8. En dernier lieu, compte tenu de ce qui précède, le requérant n’est pas au nombre des étrangers pouvant bénéficier de plein droit d’un titre de séjour. Il n’est, dans ces conditions, pas fondé à soutenir que le préfet était de tenu de saisir la commission du titre de séjour avant d’édicter la décision de refus en litige.
En ce qui concerne les autres décisions :
9. En premier lieu, il résulte de ce qui a été dit ci-dessus que le requérant ne peut pas se prévaloir de l’illégalité de la décision portant refus de certificat de résidence, pour demander l’annulation, par voie de conséquence, des décisions l’obligeant à quitter le territoire français, fixant le pays de destination et octroyant un délai de départ volontaire.
10. En deuxième lieu, pour les mêmes motifs que ceux énoncés au point 6 concernant le refus de certificat de résidence, le moyen tiré de la méconnaissance de l’article 8 de la convention européenne de sauvegarde des droits de l’homme et des libertés fondamentales doit être écarté.
11. En dernier lieu, le moyen tiré de la méconnaissance de l’article 3 de la convention européenne de sauvegarde des droits de l’homme et des libertés fondamentales n’est pas assorti des précisions suffisantes permettant d’en apprécier le bien-fondé.
12. Il résulte de ce qui précède que les conclusions à fin d’annulation dirigées contre l’arrêté du 15 juillet 2024 doivent être rejetées. Par voie de conséquence, les conclusions à fin d’injonction ainsi que celles présentées au titre de l’article L. 761-1 du code de justice administrative doivent également être rejetées.
D E C I D E :
Article 1er : M. B est provisoirement admis à l’aide juridictionnelle.
Article 2 : Le surplus des conclusions de la requête de M. B est rejeté.
Article 3 : Le présent jugement sera notifié à M. C B, à Me Pallanca et à la préfète de l’Isère.
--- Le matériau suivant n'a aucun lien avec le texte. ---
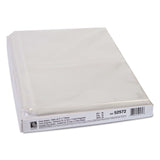 C-Line® Clear Photo Pages for Four 5 x 7 Photos, 3-Hole Punched, 11.25 x 8.13, 50/Box (CLI52572) Box of 50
Délibéré après l’audience du 22 novembre 2024, à laquelle siégeaient :
M. L’Hôte, président,
M. Lefebvre, premier conseiller,
M. Ruocco-Nardo, premier conseiller.
Rendu public par mise à disposition au greffe le 20 décembre 2024.
Le rapporteur,
T. RUOCCO-NARDO
Le président,
V. L’HÔTE
La greffière,
E. BEROT-GAY
La République mande et ordonne à la préfète de l’Isère en ce qui la concerne et à tous commissaires de justice à ce requis en ce qui concerne les voies de droit commun contre les parties privées, de pourvoir à l’exécution de la présente décision.